Musings on topics of small or large importance. Especially partial to subjects that include baby boomers, public figures, friends, Corporate America, the Denver Broncos, NASCAR, my previous home towns of New York City and Columbia (Maryland), stupidity (mine and others'), diets and health and who knows what else!

Monday, January 07, 2008

Believing Someone Who Believes Roger Clemens

Aa a recent former New Yorker, over the years I heard a lot about Roger Clemens when he was a Yankee...and beyond, when he played for Houston. He was an awesome pitcher. He was a hero. Now he's being bashed by people left and right after his former trainer claimed he injected Clemens with steroids on several occasions. Who do you believe and how do you know how to judge?

Well, I believe Clemens.

I am not in a position to know anything about what happened or what didn't. But someone I know and respect is an award-winning, longtime sports writer who has covered Clemens for some years, and he has taken a strong stand for the (hopefully) future Hall of Fame pitcher. His name is Mike Geffner. Mike is a passionate do-gooder in the BEST sense of the word; he has created several writers groups online solely for the purpose of giving writers a place to go for help, to help other writers and to learn about writing. If you write anything, or aspire to, I urge you to subscribe to Mike's Writing Newsletter (free!), join Mike's Writing Workshop (a Yahoo group), and become a "friend" of Mike's on his MySpace page.
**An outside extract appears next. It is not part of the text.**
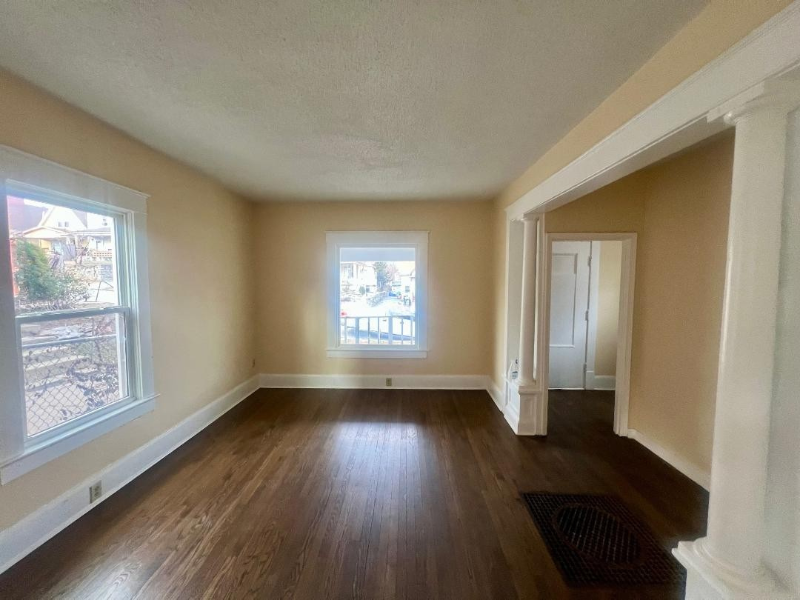 933 Sandusky Ave - Photo 4 of 5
Mike posted a blog item today on his MySpace page called "Believing in Roger Clemens." You can see it on his MySpace page and on recordonline.com. He says he believes Clemens because he knows him, knows who he is as a person, and he believes in him. That's good enough for me.

People have no idea what journalists get to learn about people. They, well, we -- I'm one too, which is how I know -- are attuned to whether someone is being straight with us or not. Our job is to ferret out the exaggerations, distortions and outright lies and deliver the truth to our readers, and we get to be very good at it. We can smell a lie a mile away. Not always -- we can be gullible too. But by and large, we know who people are when we talk to them. It's a lot about patterns. When we see something 150 times, we can assume when we see it for the 151st that it's a lot like the first 150.
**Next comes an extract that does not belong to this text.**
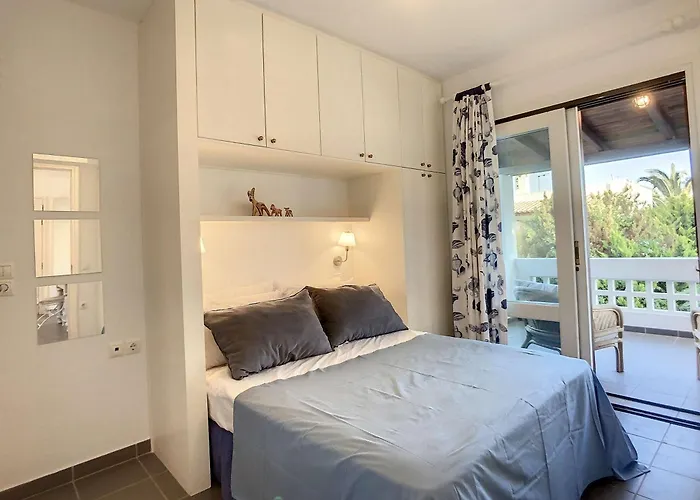 וילה Villa, Swimming Pool For 8 *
But really and truly, the great benefit of being a journalist is the relationships we form with the people we write about. It would absolutely astonish you to learn what people tell us. They start to trust us or they get caught up in the conversation and they forget we're journalists and they open up to us. I've had people tell me the most private things about their businesses, their marriages, their extracurricular activities, their bodies, their partners and their deep-down frustrations and desires. I know when they lost their virginity and to whom (the best was at a Black Sabbath concert), I know the exact moment their marriages took a turn for the worse, I know the political landscape and that they're angling for the CEO position (or leaving the company) before they've told anyone else. I know the real reasons for their actions despite what they've told their colleagues, clients, spouses or their p.r. people. So I totally believed Bob Woodward when he said that William Casey, the former head of the CIA, revealed deep secrets to Woodward on Casey's deathbed for Woodward's book Veil: The Secret Wars of the CIA, 1981-1987. Casey's wife said it never happened, that Casey would never do that. Well, wives, p.r. agents and best friends never know what people say to us one-on-one. There is no doubt in my mind that Casey had that kind of conversation with Woodward, a journalist he trusted. Hey, journalists will go to jail to protect their sources. You're better off telling things to a journalist than to your best friend.

So when Geffner says he believes Clemens, I believe him. And, therefore, I believe Clemens.